== Source data ==

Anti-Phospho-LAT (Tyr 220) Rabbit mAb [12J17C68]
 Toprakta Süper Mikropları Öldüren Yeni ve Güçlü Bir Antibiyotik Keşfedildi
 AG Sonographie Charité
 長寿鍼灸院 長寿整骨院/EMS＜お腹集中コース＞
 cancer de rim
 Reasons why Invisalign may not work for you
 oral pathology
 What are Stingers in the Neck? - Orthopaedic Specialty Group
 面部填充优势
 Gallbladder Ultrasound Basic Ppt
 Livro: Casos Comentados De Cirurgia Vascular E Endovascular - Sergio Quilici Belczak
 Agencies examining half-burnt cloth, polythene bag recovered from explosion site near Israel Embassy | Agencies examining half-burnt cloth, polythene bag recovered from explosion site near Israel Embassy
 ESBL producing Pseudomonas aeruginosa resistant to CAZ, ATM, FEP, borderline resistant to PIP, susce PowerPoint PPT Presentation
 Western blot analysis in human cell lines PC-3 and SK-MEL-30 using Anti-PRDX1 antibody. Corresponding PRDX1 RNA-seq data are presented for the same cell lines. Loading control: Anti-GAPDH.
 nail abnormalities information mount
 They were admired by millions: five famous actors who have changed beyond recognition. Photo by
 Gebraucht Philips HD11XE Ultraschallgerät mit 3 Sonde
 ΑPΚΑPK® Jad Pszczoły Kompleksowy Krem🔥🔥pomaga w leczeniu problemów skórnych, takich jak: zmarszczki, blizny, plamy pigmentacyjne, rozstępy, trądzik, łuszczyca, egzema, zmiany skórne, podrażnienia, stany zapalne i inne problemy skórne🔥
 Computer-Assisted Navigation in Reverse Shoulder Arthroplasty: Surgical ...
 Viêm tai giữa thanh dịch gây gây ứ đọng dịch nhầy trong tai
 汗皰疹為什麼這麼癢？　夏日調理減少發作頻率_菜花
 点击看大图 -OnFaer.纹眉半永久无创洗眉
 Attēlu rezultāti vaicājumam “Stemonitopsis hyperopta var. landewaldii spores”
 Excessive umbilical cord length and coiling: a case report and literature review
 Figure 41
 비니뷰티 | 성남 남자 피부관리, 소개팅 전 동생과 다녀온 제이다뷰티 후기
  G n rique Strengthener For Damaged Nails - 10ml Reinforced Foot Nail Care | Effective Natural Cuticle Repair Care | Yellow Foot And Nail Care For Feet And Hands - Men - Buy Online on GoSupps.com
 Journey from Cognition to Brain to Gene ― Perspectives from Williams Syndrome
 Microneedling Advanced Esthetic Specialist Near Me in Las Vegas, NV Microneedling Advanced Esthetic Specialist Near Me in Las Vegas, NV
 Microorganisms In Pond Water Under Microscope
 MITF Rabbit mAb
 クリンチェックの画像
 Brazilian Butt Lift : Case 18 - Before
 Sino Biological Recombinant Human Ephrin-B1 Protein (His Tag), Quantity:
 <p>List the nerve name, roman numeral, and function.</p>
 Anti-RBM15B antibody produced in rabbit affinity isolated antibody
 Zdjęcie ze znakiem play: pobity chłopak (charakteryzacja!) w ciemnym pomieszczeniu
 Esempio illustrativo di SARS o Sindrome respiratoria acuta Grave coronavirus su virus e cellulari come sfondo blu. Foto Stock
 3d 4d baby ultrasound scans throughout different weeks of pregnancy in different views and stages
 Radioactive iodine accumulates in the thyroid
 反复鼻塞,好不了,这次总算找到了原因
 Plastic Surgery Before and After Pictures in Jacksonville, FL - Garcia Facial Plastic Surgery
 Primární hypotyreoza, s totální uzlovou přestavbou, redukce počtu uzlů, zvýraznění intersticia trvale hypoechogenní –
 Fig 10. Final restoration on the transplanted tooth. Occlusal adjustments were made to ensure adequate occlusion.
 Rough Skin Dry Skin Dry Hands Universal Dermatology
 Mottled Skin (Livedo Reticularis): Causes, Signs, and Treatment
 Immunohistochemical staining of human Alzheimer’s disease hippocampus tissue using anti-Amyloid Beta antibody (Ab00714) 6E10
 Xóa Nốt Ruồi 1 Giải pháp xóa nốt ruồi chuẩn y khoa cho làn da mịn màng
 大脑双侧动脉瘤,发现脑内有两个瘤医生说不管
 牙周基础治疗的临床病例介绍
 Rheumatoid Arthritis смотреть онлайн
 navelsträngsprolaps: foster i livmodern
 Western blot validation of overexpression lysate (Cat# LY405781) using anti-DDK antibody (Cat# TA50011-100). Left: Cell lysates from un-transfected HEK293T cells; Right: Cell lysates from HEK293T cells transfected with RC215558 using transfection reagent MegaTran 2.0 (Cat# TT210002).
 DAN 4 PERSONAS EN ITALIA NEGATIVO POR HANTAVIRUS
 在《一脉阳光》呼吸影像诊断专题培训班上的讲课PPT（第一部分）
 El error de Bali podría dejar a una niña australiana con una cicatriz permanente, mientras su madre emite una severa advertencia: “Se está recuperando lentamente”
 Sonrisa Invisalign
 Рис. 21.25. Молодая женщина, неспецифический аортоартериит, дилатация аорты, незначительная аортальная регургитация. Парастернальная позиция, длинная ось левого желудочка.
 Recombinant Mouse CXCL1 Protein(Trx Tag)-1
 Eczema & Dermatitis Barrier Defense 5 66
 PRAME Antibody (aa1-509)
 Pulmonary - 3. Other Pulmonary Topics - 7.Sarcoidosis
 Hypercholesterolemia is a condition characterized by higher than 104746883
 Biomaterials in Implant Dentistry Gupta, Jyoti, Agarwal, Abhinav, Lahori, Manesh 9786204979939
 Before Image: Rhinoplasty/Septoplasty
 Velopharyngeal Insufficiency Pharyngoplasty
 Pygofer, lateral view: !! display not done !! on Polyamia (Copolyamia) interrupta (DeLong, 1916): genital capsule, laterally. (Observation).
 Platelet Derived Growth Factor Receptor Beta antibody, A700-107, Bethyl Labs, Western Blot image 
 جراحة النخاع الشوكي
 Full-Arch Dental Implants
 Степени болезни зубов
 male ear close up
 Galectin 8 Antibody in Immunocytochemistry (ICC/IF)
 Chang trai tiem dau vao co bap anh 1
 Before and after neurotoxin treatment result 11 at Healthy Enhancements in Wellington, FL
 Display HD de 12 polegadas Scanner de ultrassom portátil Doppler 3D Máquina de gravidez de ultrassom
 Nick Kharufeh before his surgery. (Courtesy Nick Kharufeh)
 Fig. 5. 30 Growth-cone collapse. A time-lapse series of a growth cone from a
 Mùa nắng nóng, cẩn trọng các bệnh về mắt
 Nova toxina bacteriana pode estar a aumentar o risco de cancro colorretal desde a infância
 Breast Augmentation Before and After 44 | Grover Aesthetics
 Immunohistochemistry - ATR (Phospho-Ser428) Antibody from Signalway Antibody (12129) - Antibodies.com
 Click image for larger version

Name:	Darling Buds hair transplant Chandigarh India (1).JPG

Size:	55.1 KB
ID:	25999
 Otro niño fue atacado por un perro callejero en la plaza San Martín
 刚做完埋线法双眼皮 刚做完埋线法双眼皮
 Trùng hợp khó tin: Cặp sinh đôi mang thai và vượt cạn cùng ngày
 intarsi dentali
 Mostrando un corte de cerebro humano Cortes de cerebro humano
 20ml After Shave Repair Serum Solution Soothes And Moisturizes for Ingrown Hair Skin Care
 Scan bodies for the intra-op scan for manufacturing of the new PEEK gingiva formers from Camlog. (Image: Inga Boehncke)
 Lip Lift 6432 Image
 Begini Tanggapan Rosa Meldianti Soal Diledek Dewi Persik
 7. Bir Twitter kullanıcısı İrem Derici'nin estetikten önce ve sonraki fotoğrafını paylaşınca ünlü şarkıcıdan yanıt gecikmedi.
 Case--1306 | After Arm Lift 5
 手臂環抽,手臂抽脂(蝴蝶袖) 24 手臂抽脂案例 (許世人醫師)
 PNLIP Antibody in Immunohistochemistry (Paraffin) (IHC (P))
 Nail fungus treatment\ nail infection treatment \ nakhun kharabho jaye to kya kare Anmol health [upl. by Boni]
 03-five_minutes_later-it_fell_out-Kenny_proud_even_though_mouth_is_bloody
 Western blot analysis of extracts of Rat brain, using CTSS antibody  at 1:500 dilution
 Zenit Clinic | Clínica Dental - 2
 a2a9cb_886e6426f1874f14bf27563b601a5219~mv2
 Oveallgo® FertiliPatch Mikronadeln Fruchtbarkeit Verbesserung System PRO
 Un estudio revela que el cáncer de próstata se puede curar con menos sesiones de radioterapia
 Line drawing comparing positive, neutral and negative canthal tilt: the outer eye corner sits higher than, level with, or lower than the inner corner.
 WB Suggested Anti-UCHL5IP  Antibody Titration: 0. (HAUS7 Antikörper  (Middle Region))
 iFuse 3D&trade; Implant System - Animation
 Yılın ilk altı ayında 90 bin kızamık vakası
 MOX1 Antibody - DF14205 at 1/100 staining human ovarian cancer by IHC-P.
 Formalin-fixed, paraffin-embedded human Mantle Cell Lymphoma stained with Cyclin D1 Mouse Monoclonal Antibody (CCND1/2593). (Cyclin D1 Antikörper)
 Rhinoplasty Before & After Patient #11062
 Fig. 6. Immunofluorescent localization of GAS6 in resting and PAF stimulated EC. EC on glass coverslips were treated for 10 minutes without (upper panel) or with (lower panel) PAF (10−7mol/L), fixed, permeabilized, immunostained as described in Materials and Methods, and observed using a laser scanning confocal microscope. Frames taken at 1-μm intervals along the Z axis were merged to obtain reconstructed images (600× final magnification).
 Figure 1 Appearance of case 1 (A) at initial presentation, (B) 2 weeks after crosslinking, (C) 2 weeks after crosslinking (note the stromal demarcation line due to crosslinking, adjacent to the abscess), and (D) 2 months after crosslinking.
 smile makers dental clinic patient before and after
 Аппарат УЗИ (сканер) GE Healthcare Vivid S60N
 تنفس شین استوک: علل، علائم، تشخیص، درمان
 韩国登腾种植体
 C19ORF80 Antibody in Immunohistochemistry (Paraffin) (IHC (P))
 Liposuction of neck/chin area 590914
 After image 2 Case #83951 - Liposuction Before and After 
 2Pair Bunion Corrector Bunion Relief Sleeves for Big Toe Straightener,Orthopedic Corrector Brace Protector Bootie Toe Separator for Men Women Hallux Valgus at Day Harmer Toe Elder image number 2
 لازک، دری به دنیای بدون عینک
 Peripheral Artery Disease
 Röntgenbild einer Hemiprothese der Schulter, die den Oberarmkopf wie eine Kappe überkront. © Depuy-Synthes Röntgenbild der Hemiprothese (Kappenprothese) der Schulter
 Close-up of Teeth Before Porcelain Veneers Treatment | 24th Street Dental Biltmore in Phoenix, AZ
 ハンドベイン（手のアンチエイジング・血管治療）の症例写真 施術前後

===

The task
Please reproduce, exactly as they appear above, the lines from the line containing "Before and after neurotoxin" up to and including the line containing "Oveallgo® FertiliPatch Mikronadeln".

Reply
 Before and after neurotoxin treatment result 11 at Healthy Enhancements in Wellington, FL
 Display HD de 12 polegadas Scanner de ultrassom portátil Doppler 3D Máquina de gravidez de ultrassom
 Nick Kharufeh before his surgery. (Courtesy Nick Kharufeh)
 Fig. 5. 30 Growth-cone collapse. A time-lapse series of a growth cone from a
 Mùa nắng nóng, cẩn trọng các bệnh về mắt
 Nova toxina bacteriana pode estar a aumentar o risco de cancro colorretal desde a infância
 Breast Augmentation Before and After 44 | Grover Aesthetics
 Immunohistochemistry - ATR (Phospho-Ser428) Antibody from Signalway Antibody (12129) - Antibodies.com
 Click image for larger version

Name:	Darling Buds hair transplant Chandigarh India (1).JPG

Size:	55.1 KB
ID:	25999
 Otro niño fue atacado por un perro callejero en la plaza San Martín
 刚做完埋线法双眼皮 刚做完埋线法双眼皮
 Trùng hợp khó tin: Cặp sinh đôi mang thai và vượt cạn cùng ngày
 intarsi dentali
 Mostrando un corte de cerebro humano Cortes de cerebro humano
 20ml After Shave Repair Serum Solution Soothes And Moisturizes for Ingrown Hair Skin Care
 Scan bodies for the intra-op scan for manufacturing of the new PEEK gingiva formers from Camlog. (Image: Inga Boehncke)
 Lip Lift 6432 Image
 Begini Tanggapan Rosa Meldianti Soal Diledek Dewi Persik
 7. Bir Twitter kullanıcısı İrem Derici'nin estetikten önce ve sonraki fotoğrafını paylaşınca ünlü şarkıcıdan yanıt gecikmedi.
 Case--1306 | After Arm Lift 5
 手臂環抽,手臂抽脂(蝴蝶袖) 24 手臂抽脂案例 (許世人醫師)
 PNLIP Antibody in Immunohistochemistry (Paraffin) (IHC (P))
 Nail fungus treatment\ nail infection treatment \ nakhun kharabho jaye to kya kare Anmol health [upl. by Boni]
 03-five_minutes_later-it_fell_out-Kenny_proud_even_though_mouth_is_bloody
 Western blot analysis of extracts of Rat brain, using CTSS antibody  at 1:500 dilution
 Zenit Clinic | Clínica Dental - 2
 a2a9cb_886e6426f1874f14bf27563b601a5219~mv2
 Oveallgo® FertiliPatch Mikronadeln Fruchtbarkeit Verbesserung System PRO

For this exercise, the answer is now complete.